老莊主看到洪小山手裏的裙子,愣了一下,問侍女:“那、那公子玄怎麽沒取走呢?”侍女說:“公子出了十金買下紅裙,說與那位姑娘有眼緣,已經贈與姑娘了。”老莊主連連點頭:“如此甚好!我家衣裙能入得公子玄的眼,甚好!”急忙招呼身後的老繡娘:“冬蓉,趕緊給這位姑娘量身子,按她的尺寸把裙子改好。”

如此折騰一番,火燒雲鎏金又到了洪小山身上,而且不費一個銅子。

洪小山問繡娘:“冬蓉姐姐,那公子玄是什麽人?怎麽出手那樣闊綽,你家老板也很緊張她。”

繡娘笑一笑:“姑娘你好運氣,得了公子玄送的裙子。你是從北邊來的吧?陵南三州無人不知公子玄,只是不認得她的模樣,我家老爺早年有幸與她結識,所以記得她常穿青衣,戴面具,好古琴,愛買紅色的衣裳,只是她從來不穿。”

“為何公子玄陵南三州無人不曉?”

繡娘說:“因為她是‘龍池九仙’呀。”

洪小山一個激靈:“是嗎?那她是哪一宗呢?”

繡娘道:“公子玄是大華最神秘的人物,至今不曾有人能看出她是哪一宗。
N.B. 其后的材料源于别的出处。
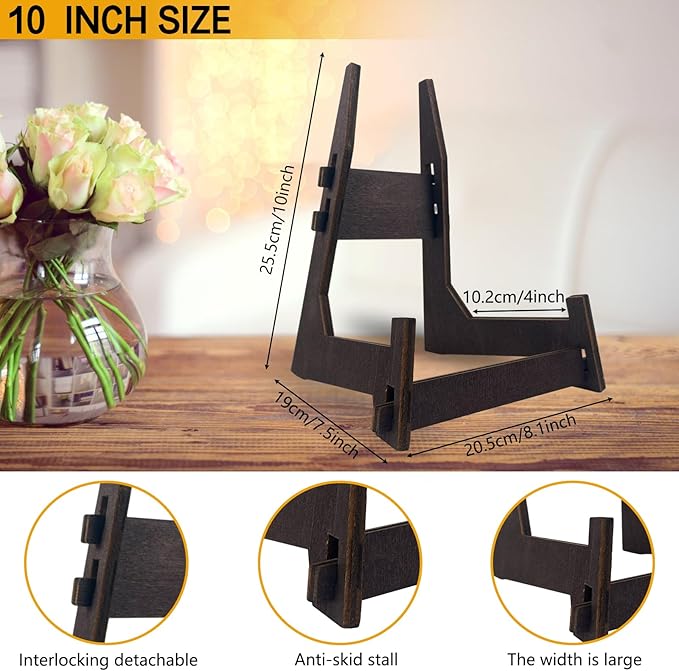10 Inch Wooden Plate Stand - Easel & Book Display Stand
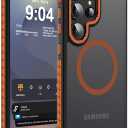 DEERLAMN Strong Magnetic Case for Samsung Galaxy S25 Ultra 6.9-Inch,[Compatible with Magsafe][Military Grade Drop Protection] Translucent Matte Shockproof Protective Phone Cover, Frosted Orange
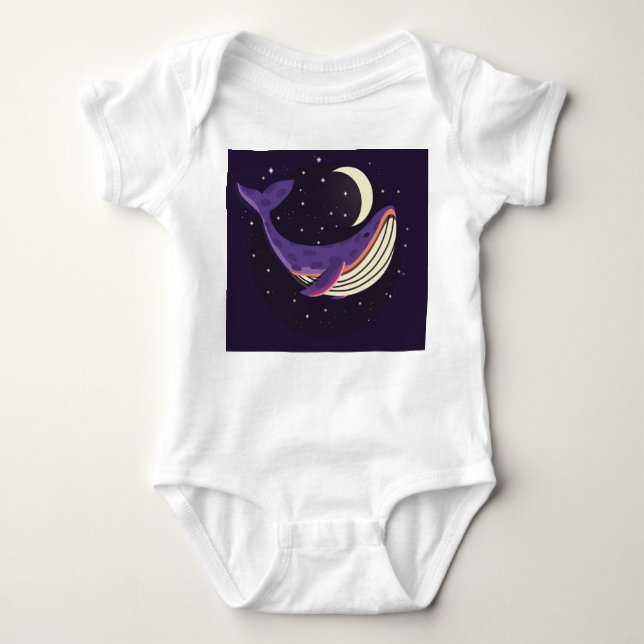 Space whale: colourful illustrated portrait. baby bodysuit (Front)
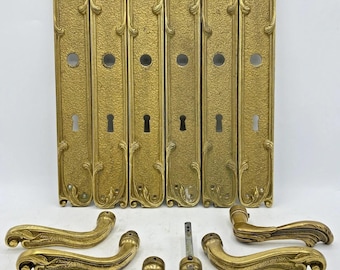 Juego de 3 pomos y manijas grandes para puertas francesas antiguas de principios del siglo XX, de bronce, estilo castillo.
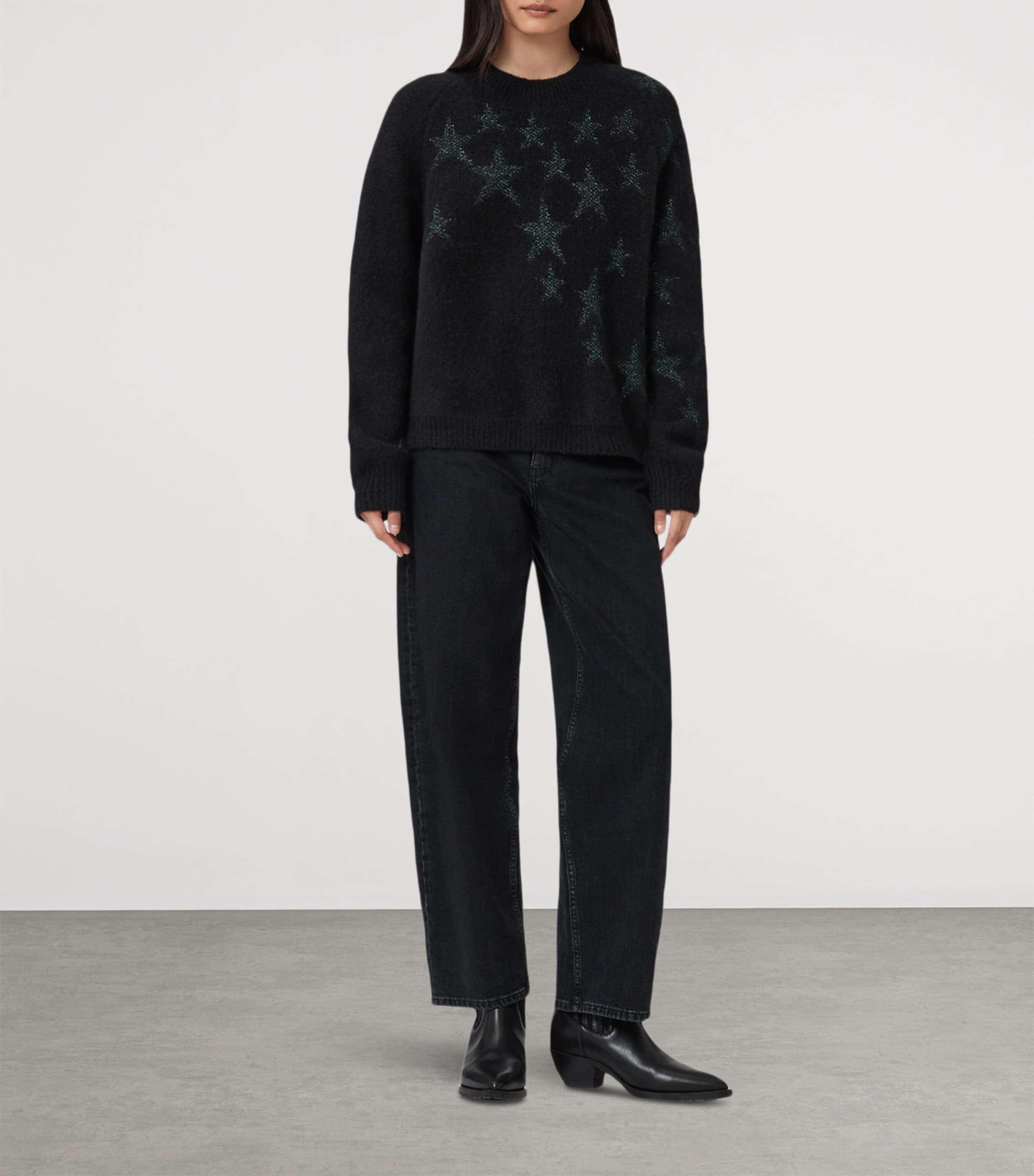 Jacquard Cosmos Sweater BLACK/GREEN Image 2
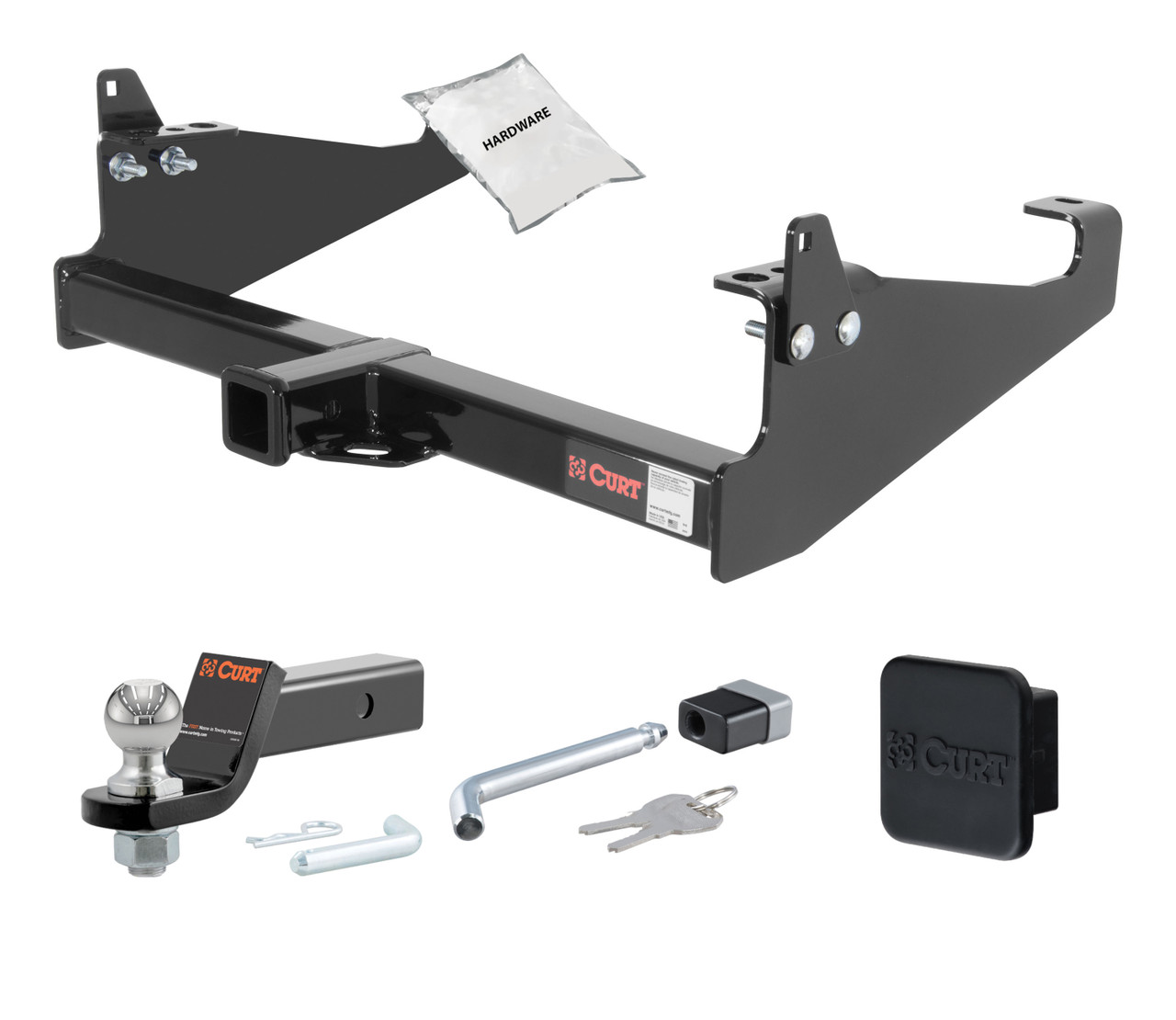 99 - 20 Ford F-350 Super Duty Cab & chassis with 34" frame width (O.D.) 2in. CURT Trailer Hitch + Ball Mount + Cover + Lock Kit HWA909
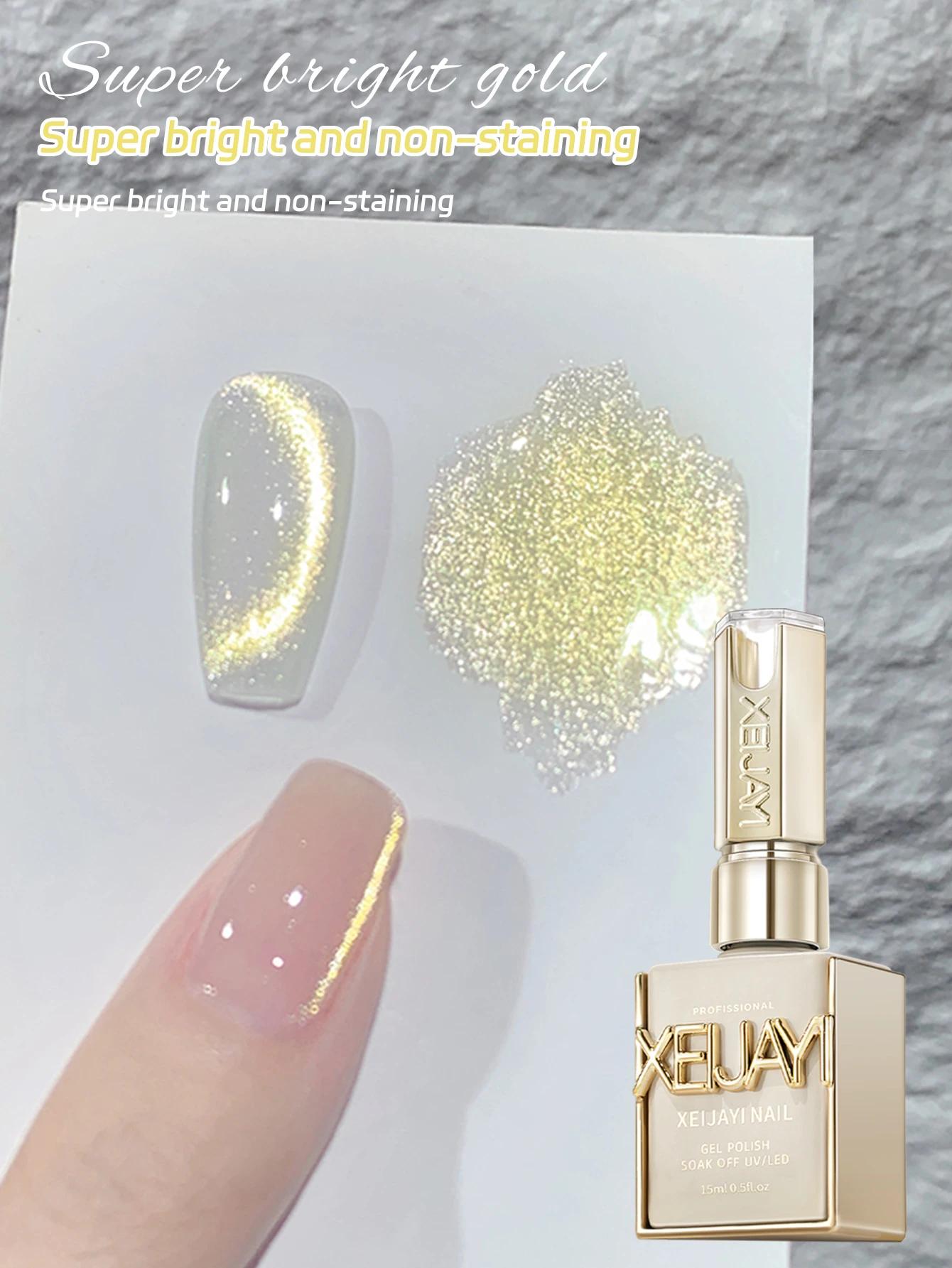 Vernis à ongles Gel œil de chat glace pilée poire de neige 15ml, Gel UV/LED brillant sans bulles à s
”

洪小山哼一聲,我就不信我看不出。

蕭長引洪小山出來,問她:“小山,這裙子你要嗎?”蕭長引是想洪小山穿好看的裙子,可不希望是以這種形式。

洪小山說:“先留着吧,但我不會穿,這裙子來的不清不楚......如果能再見到公子玄,我把裙子還給她。”

蕭長引心底不自覺地舒口氣:“嗯。”

好巧不巧,洪小山一語成谶,還真又讓她們給遇着了。

蕭長引給洪小山買了一匹布,一匹紅紗绫,兩人抱着新買的貨回客棧,洪小山半路說渴,便進了附近一座茶樓。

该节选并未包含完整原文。